(INSTRUCTIONS FOR THE TASK) Only the pictures are dropped; the lines of the material that follow are returned exactly.

---------- DATA EXCERPT ----------

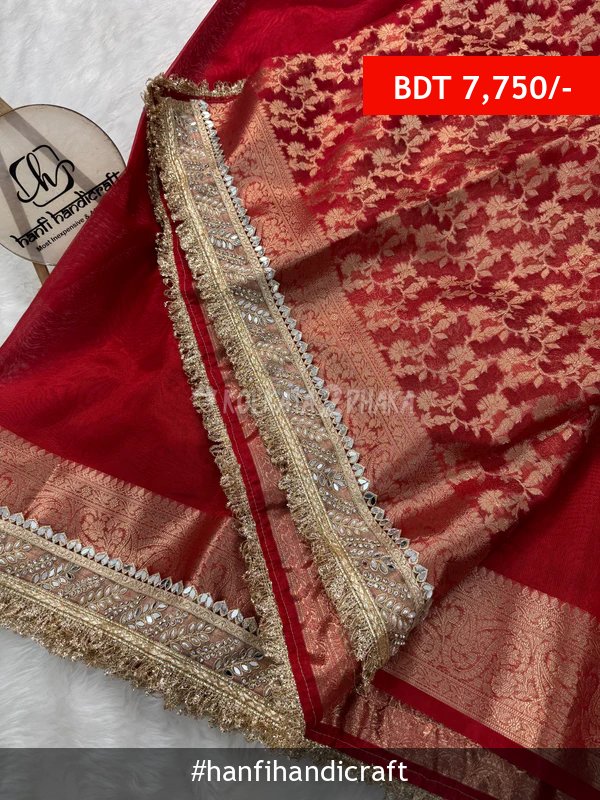 Hanfi Handicraft Banarasi Bold Red Riwaayat Tissue Silk Saree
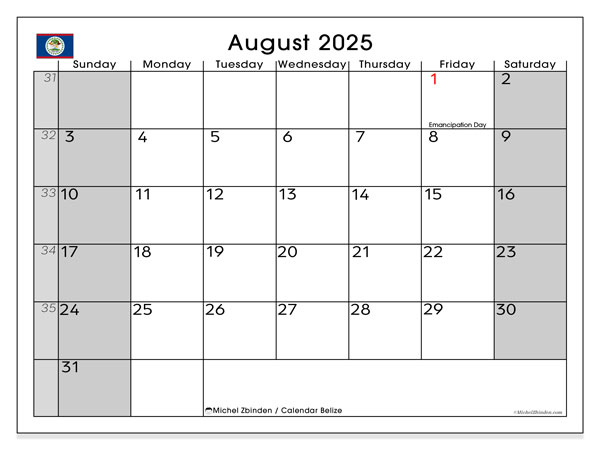 Kalender om af te drukken, augustus 2025, Belize (SS)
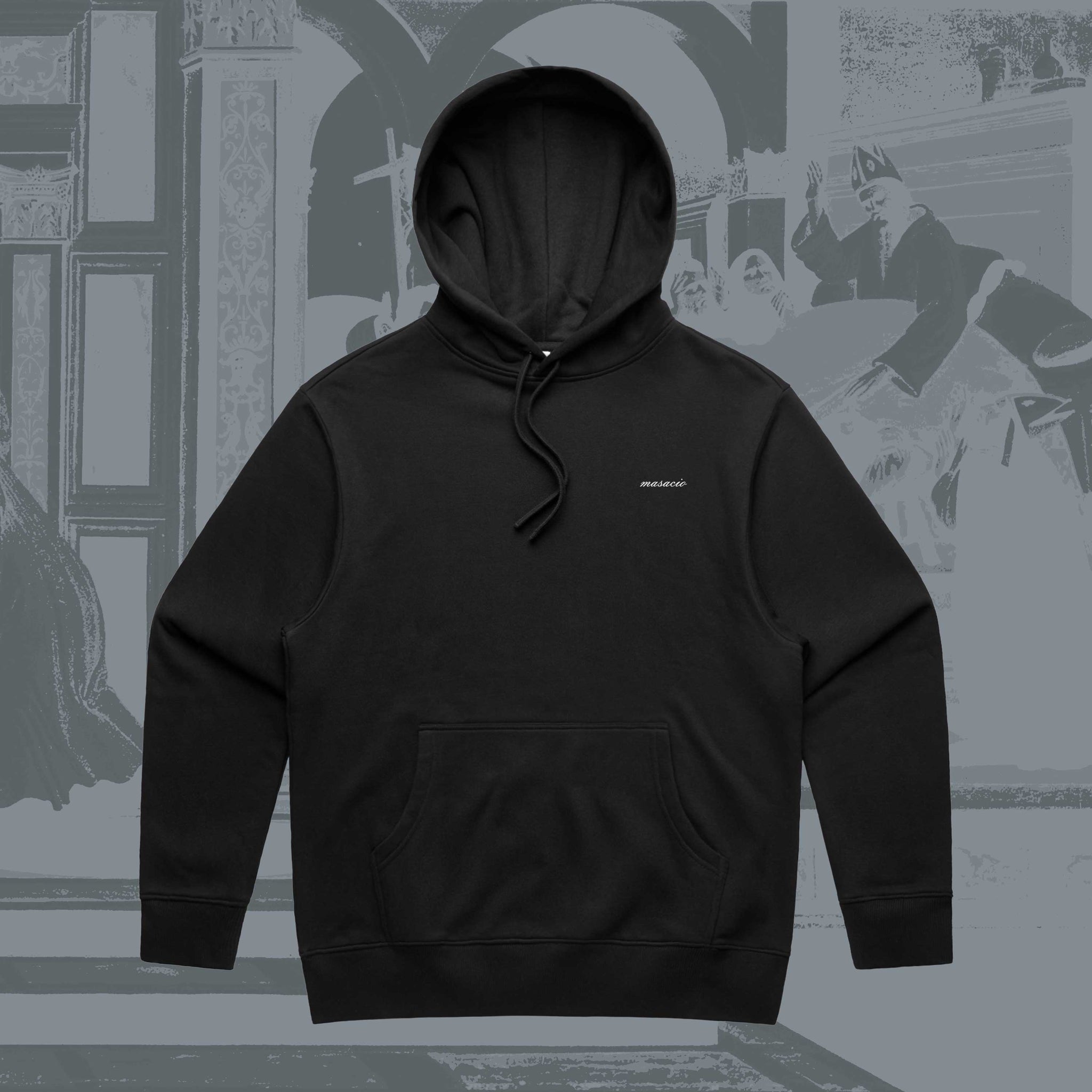 Masacio_Black Oversized Hoodie with picture of The Fall of Man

----------

(SOLUTION TO THIS PROBLEM)
 Hanfi Handicraft Banarasi Bold Red Riwaayat Tissue Silk Saree
 Kalender om af te drukken, augustus 2025, Belize (SS)
 Masacio_Black Oversized Hoodie with picture of The Fall of Man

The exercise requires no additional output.